Re: [PATCH v3 net-next RFC] Generic XDP

Alexei Starovoitov <alexei.starovoitov@xxxxxxxxx> · Tue, 18 Apr 2017 16:05:51 -0700

On Tue, Apr 18, 2017 at 02:46:25PM -0400, David Miller wrote:
> From: Alexei Starovoitov <alexei.starovoitov@xxxxxxxxx>
> Date: Mon, 17 Apr 2017 16:04:38 -0700
> 
> > On Mon, Apr 17, 2017 at 03:49:55PM -0400, David Miller wrote:
> >> From: Jesper Dangaard Brouer <brouer@xxxxxxxxxx>
> >> Date: Sun, 16 Apr 2017 22:26:01 +0200
> >> 
> >> > The bpf tail-call use-case is a very good example of why the
> >> > verifier cannot deduct the needed HEADROOM upfront.
> >> 
> >> This brings up a very interesting question for me.
> >> 
> >> I notice that tail calls are implemented by JITs largely by skipping
> >> over the prologue of that destination program.
> >> 
> >> However, many JITs preload cached SKB values into fixed registers in
> >> the prologue.  But they only do this if the program being JITed needs
> >> those values.
> >> 
> >> So how can it work properly if a program that does not need the SKB
> >> values tail calls into one that does?
> > 
> > For x86 JIT it's fine, since caching of skb values is not part of the prologue:
> >   emit_prologue(&prog);
> >   if (seen_ld_abs)
> >           emit_load_skb_data_hlen(&prog);
> > and tail_call jumps into the next program as:
> >   EMIT4(0x48, 0x83, 0xC0, PROLOGUE_SIZE);   /* add rax, prologue_size */
> >   EMIT2(0xFF, 0xE0);                        /* jmp rax */
> > whereas inside emit_prologue() we have:
> > B  UILD_BUG_ON(cnt != PROLOGUE_SIZE);
> > 
> > arm64 has similar proplogue skipping code and it's even
> > simpler than x86, since it doesn't try to optimize LD_ABS/IND in assembler
> > and instead calls into bpf_load_pointer() from generated code,
> > so no caching of skb values at all.
> > 
> > s390 jit has partial skipping of prologue, since bunch
> > of registers are save/restored during tail_call and it looks fine
> > to me as well.
> 
> Ok, what about stack usage?
> 
> Currently if I don't see a reference to FP then I elide allocating
> MAX_BPF_STACK stack space.
> 
> What if, with tail calls, some programs need that stack space whilst
> other's done?
> 
> It looks like, for example, JITs like powerpc avoids this issue
> because they allocate the full MAX_BPF_STACK all the time.  That seems
> like overkill to me and bad for cache locality.

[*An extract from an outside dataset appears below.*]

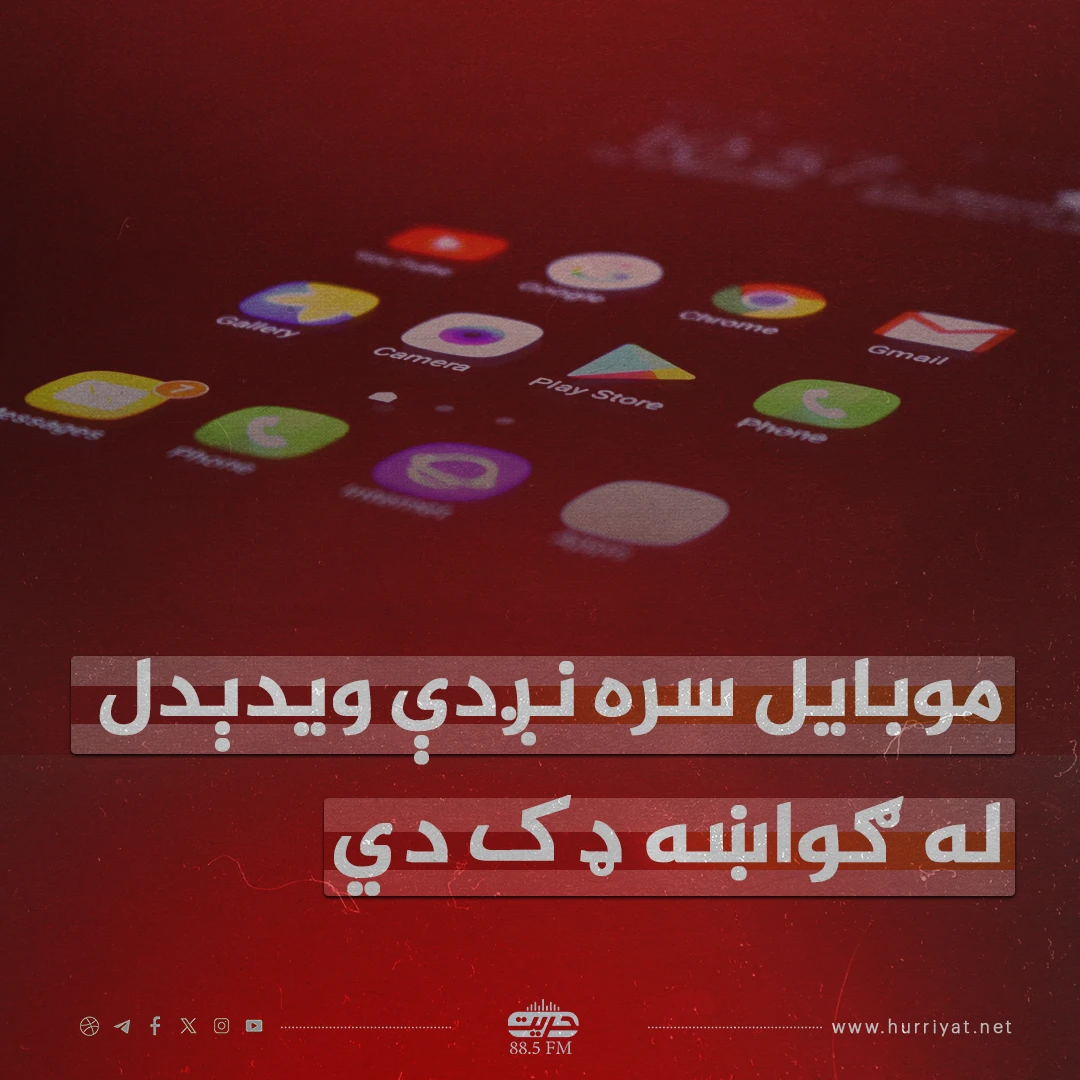 موبايل سره نږدې ويدېدل له ګواښه ډک دي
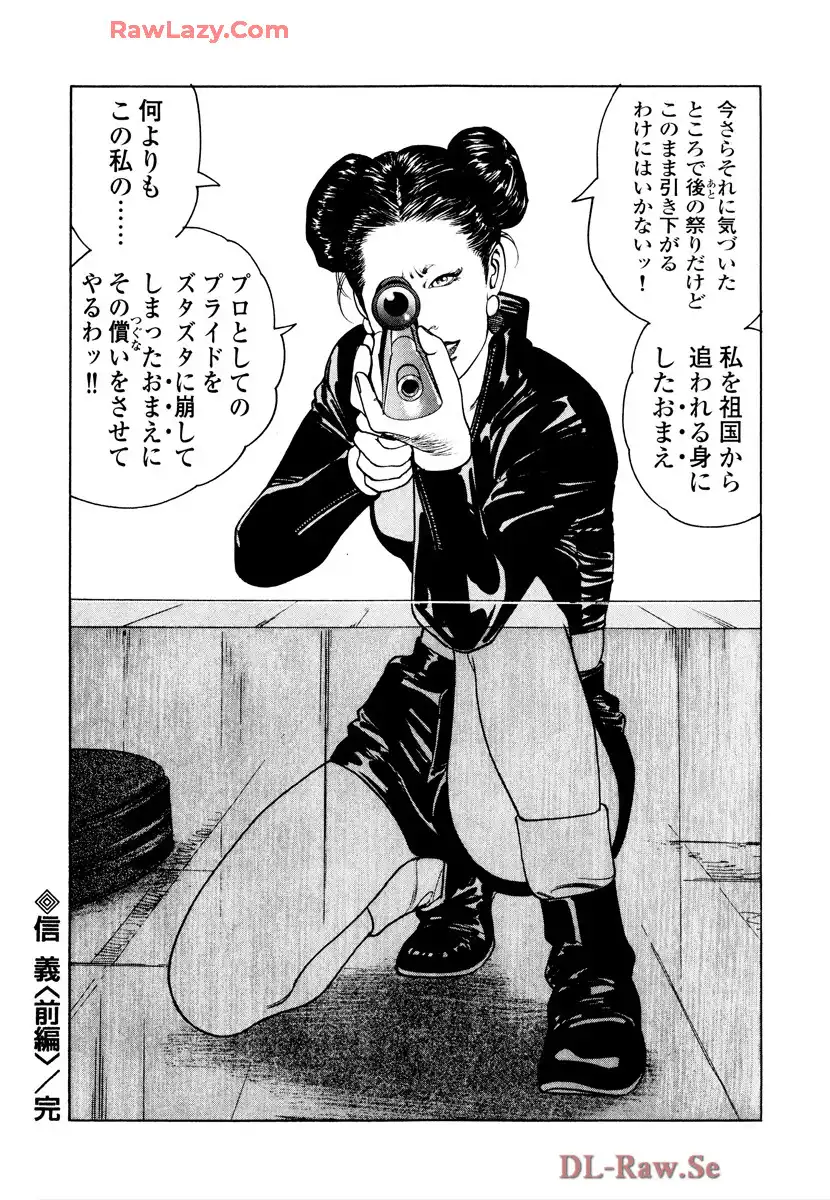 P24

For x86 we also give proper stack frame always, since optimizing
for leaf functions is very rare. Most eBPF progs have at least
one helper call. Even cBPF often use SKF_AD_CPU or SKF_AD_RANDOM
which translate to function call as well and need stack frame.
I think stack frames on sparc are much more expensive than on x86
due to register window architecture, so there it may make sense
to squeeze these extra cycles, but it will be rarely exercised
in practice.

I was thinking to teach verifier to recognize required stack size,
so we can JIT with that size instead of 512, but that's mainly
to reduce kernel stack usage. I doubt it will make any performance
difference.

As far as big sparc and other archs JIT optimizations would be
great somehow to take advantage of extra registers that these
archs have. I think it will only be possible once we have
verifier 2.0 with proper register liveness and stuff, so
we can convert spill/fills into register copies and may be
even run simple regalloc pass after verifier. Crazy talk ;)